By Carmen Marti
Entire contents copyright ©2012 Carmen Marti. All rights reserved.
When Artebella Daily, a website devoted to showcasing Louisville visual artists, launched just more than a month ago, artist Suzi Zimmerer signed up to receive the daily email once a week – who needs more messages Monday through Friday?
But next thing she knew, Zimmerer “wanted [Artebella] every day,” she says. “I find it really fun. I’m having a terrific time reading everyone’s profile and seeing their work.”
That’s the point, says Shannon Westerman, executive director of the Louisville Visual Art Association, which sponsors the site [Artebelladaily.com]. “LVAA is very much a grass roots, artist-driven organization.” When former board member Meg Higgins suggested the Artebella concept, it matched the organization’s goals. “We were looking for a progressive, cutting-edge way to use the potential of technology to help increase the visibility of local artists,” he says. “We have a bevy of creative artists in Louisville, and we wanted to promote that to our city as well as to the world.”
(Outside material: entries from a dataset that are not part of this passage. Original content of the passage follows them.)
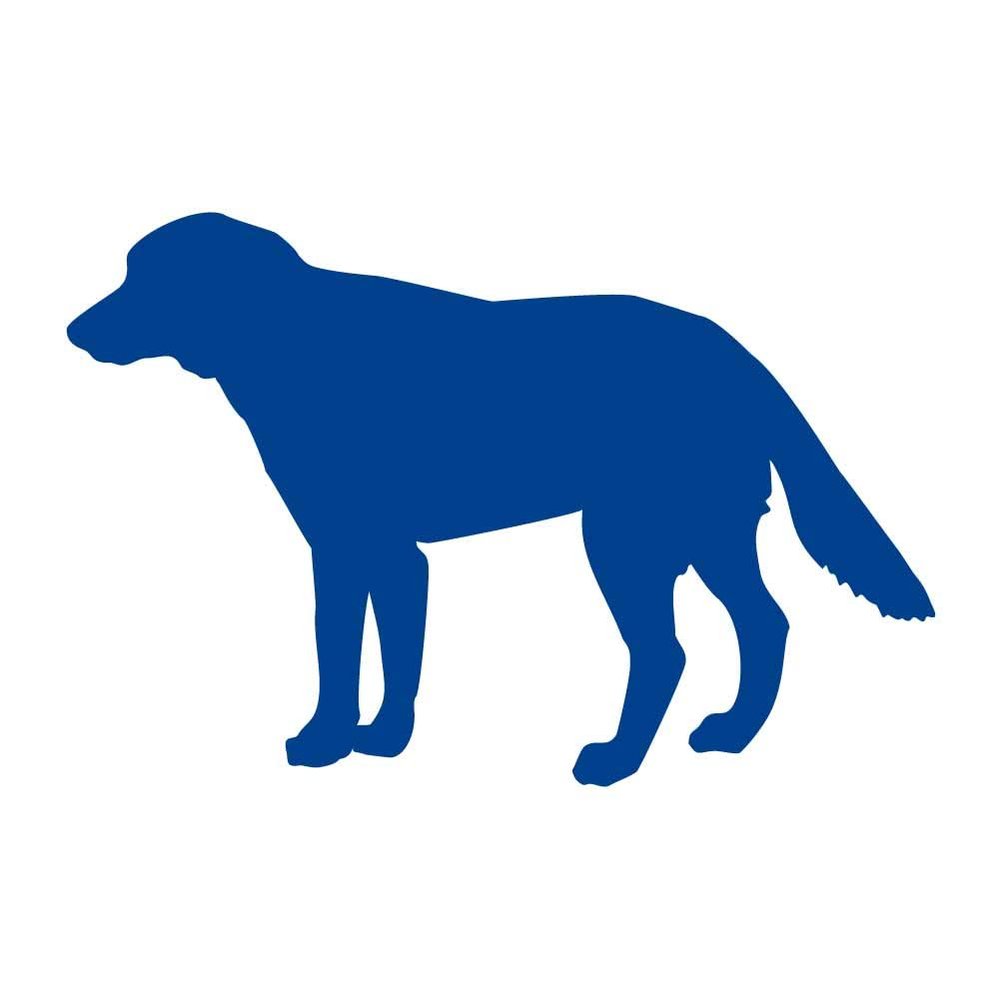 Greenland Dog Silhouette 6 inch Blue Indoor Outdoor Vinyl Decal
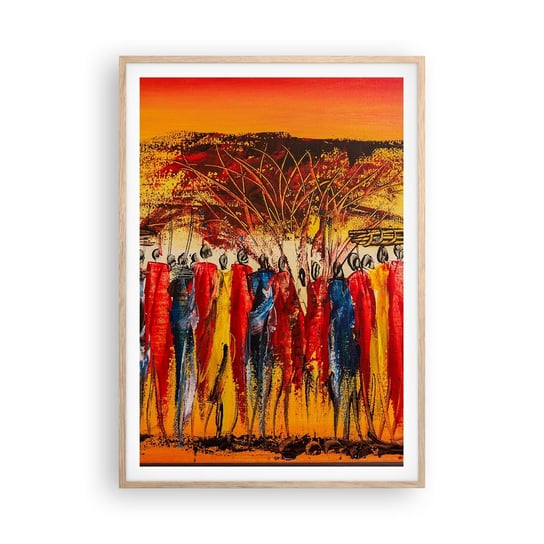 Obraz - Plakat - Tam, tam, tam tam idą - 70x100cm - Sztuka Ludzie Afryka - Foto Plakaty w ramie koloru jasny dąb do Salonu Sypialni ARTTOR ARTTOR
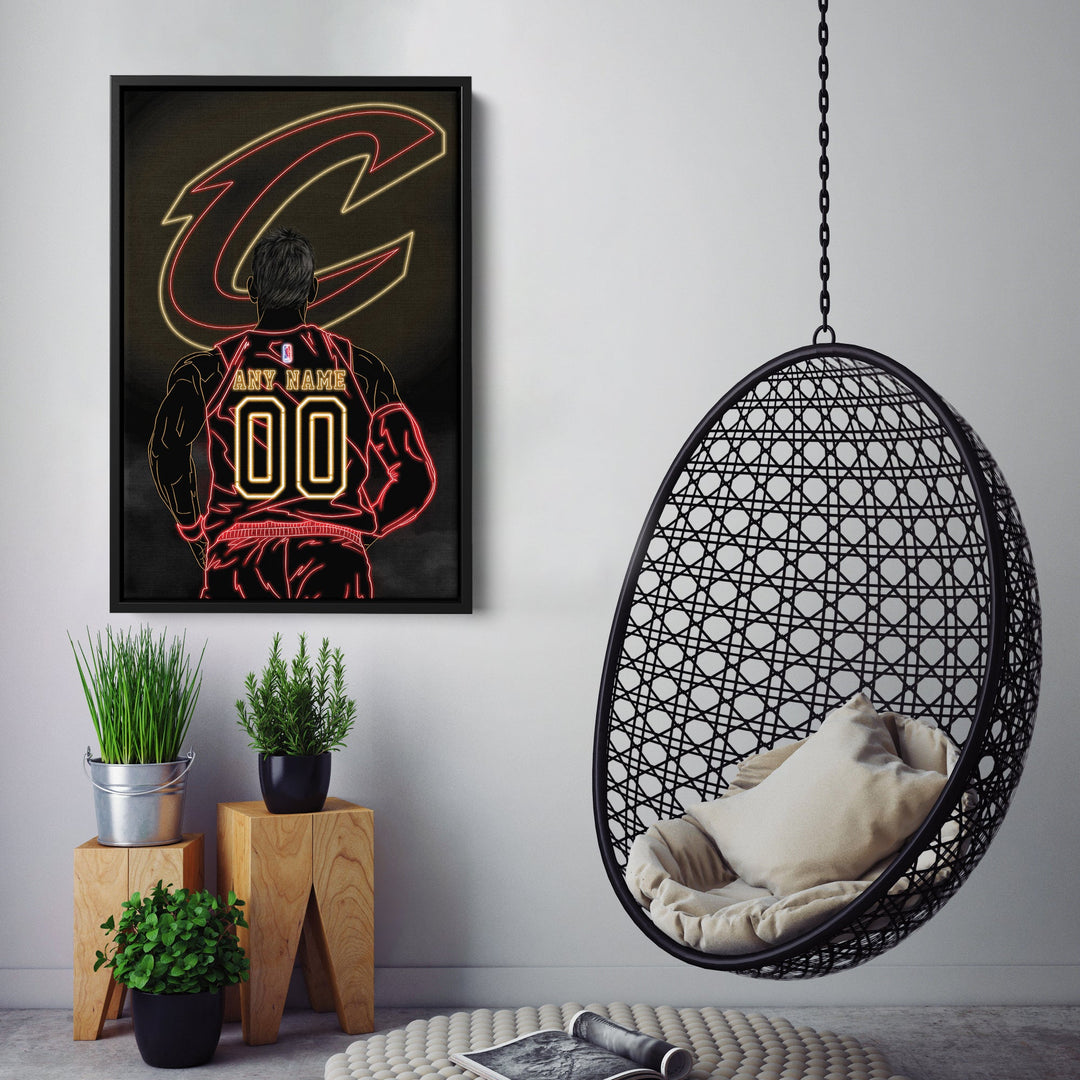 Cleveland Cavaliers Personalized Jersey Canvas | Neon Wall Art - CanvasNeon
|Artebella Artist and collector Jacque Parsley with her husband Dr. Robert Sollinger.
And, if a viewer wants to buy a piece of art, all the better. Just ask Jacque Parsley. A long-time Louisville artist, member of LVAA and artist on Artebella, Parsley had been thinking of the site as “an easy way to see the new work of established artists and the work of young emerging artists in the comfort of my home,” she says. But when Kelly Rains’s mixed media painting popped up on day two of the website’s existence, Parsley “saw it, loved it, and called them up,” she recalls. (Actually, she emailed and a representative from Artebella called her.) “I don’t know how I’ll react when I see the real thing, but I thought it had good color and good composition. It looked well constructed…. I gave them my Visa card.”
Parsley and her husband have collected art together for 15 years; she’s been collecting since the 1970s. They are not afraid to buy artwork off the web. “One of our favorite pieces we got over the Internet and we’ve loved it,” says Parsley.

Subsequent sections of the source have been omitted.